Считаю, что, помимо этого, женщина должна читать и понимать поэтов. Кто из великих мужей был несведущим в знании их? Аристотель, во всяком случае, очень часто использует стихи Гомера, Гесиода, Пиндара, Еврипида и других поэтов, он хранит их все в памяти и очень легко приводит; это свидетельствует о том, что он был образован в поэзии не менее, чем в философии. И Платон часто использует поэтов, они встречаются у него повсюду, предлагая свои услуги без принуждения. Их авторитетом он часто подкрепляет свое мнение. Я сказал о греках. А что же наши? Разве кажется мало знающим поэтов Цицерон? Не довольствуясь Эннием, Пакувием, Акцием и прочими нашими, он приводил вдобавок стихи греков, иногда поэзия бьет у него ключом. Оставляю Августина, Иеронима, Лактанция, Боэция, о большом знании которыми поэтов свидетельствуют их сочинения. По моему мнению, кто не узнал поэзии, тот в известной мере несовершенен в знании языка.
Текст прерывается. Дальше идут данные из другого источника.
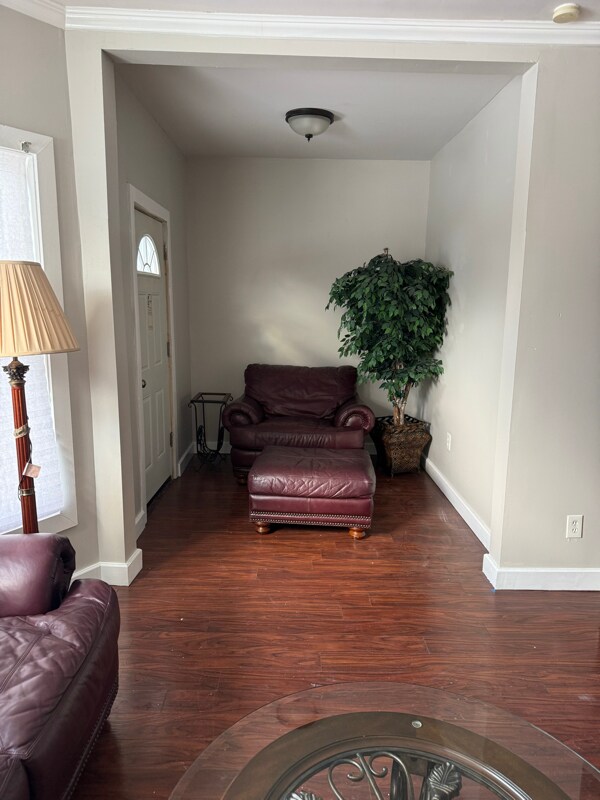 Building Photo - 37 Holland Pl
У поэтов находят многое весьма удачно и мудро сказанное о жизни и нравах, основы и причины природных явлений и словно зерна всех наук; они имеют большой авторитет благодаря своим мудрым суждениям о древности, исключительную славу благодаря красоте и некое благородство, достойное свободных людей, так что кажется совершенно грубым тот, у кого его нет. Чего недостает Гомеру, чтобы он мог считаться мудрейшим в любой мудрости? Вся его поэзия, как считают некоторые, является наукой жизни, разделенной на мирное и военное время. <…>
Сколь высоко должна цениться мудрость нашего Марона, исходящая словно из какого-то оракула и святилища природы! <…>
Действительно, мудрейшие из древних считали, что поэтам присущ божественный ум, и называли поэтов пророками, потому что те говорили не столько от себя, сколько под влиянием какого-то душевного возбуждения и божественного наития. <…>
Некоторые отрицают, что поэтов следует читать, говоря по правде, как род божественной литературы. Однако так считают обычно только те, кто сам не обучен никакой более изящной науке и не понимает и не ценит превосходства литературы. Мне же, размышляющему о наших занятиях, обычно кажется первейшей необходимостью знать поэтов, как по причине их полезности, о которой я говорил выше, и разнообразных сведений о многих вещах, так и из-за необыкновенной красоты языка. Кроме того, нет ни одного занятия, которое отнимало бы у нас меньше времени, чем стихи; ведь они узнаются в детстве, когда обычно мы не можем быть заняты чем-либо другим; благодаря плавной гармонии они хорошо запоминаются, путешествуют вместе с нами и даже без книг приходят на память, так что делающий что-то другое одновременно будет занят и ими. О том, сколько соответствия есть у поэзии с самой природой, свидетельствует, как я полагаю, то, что повсюду необразованные люди, как бы ни были они несведущи в литературе и науке, находясь в здравом уме, наслаждаются, воспроизводя грубо, как умеют, некоторые звуки и ритмы. И если даже они смогли бы то же самое сказать лучше в прозе, они считают, однако, что добьются чего-то достойного для слуха, только заключив слова в стихотворный размер и ритм. Об этом говорит и следующее: во время торжественных месс в храмах, хотя они и совершаются со всем усердием, наша душа порой остается безучастной и сонной, но если между тем хор запоет поэтическое «Primo dierum omnium», или «Iste confessor», или «Ut queant resonare fibris», разве тот, чья мысль дотоле была прикована к земле, не пробудится и не вознесется душой? На основании подобных наблюдений некоторые из древних полагали, что в нашей душе есть гармония и ритм[137]; ведь несомненно, что по природе все радуется более всего подобному и родственному, но нет ничего, что так ласкало бы нашу душу и чему бы она столь радовалась, кроме гармонии и ритма. Однако этот вопрос уже выходит за пределы моей задачи. Я же только хочу, чтобы было понятно, что сама природа ведет нас больше к поэзии, чем к другому роду литературы; в поэзии заключено много пользы, наслаждения и благородства, и кто лишен этого, не должен считаться образованным в такой степени, в какой подобает свободнорожденному человеку.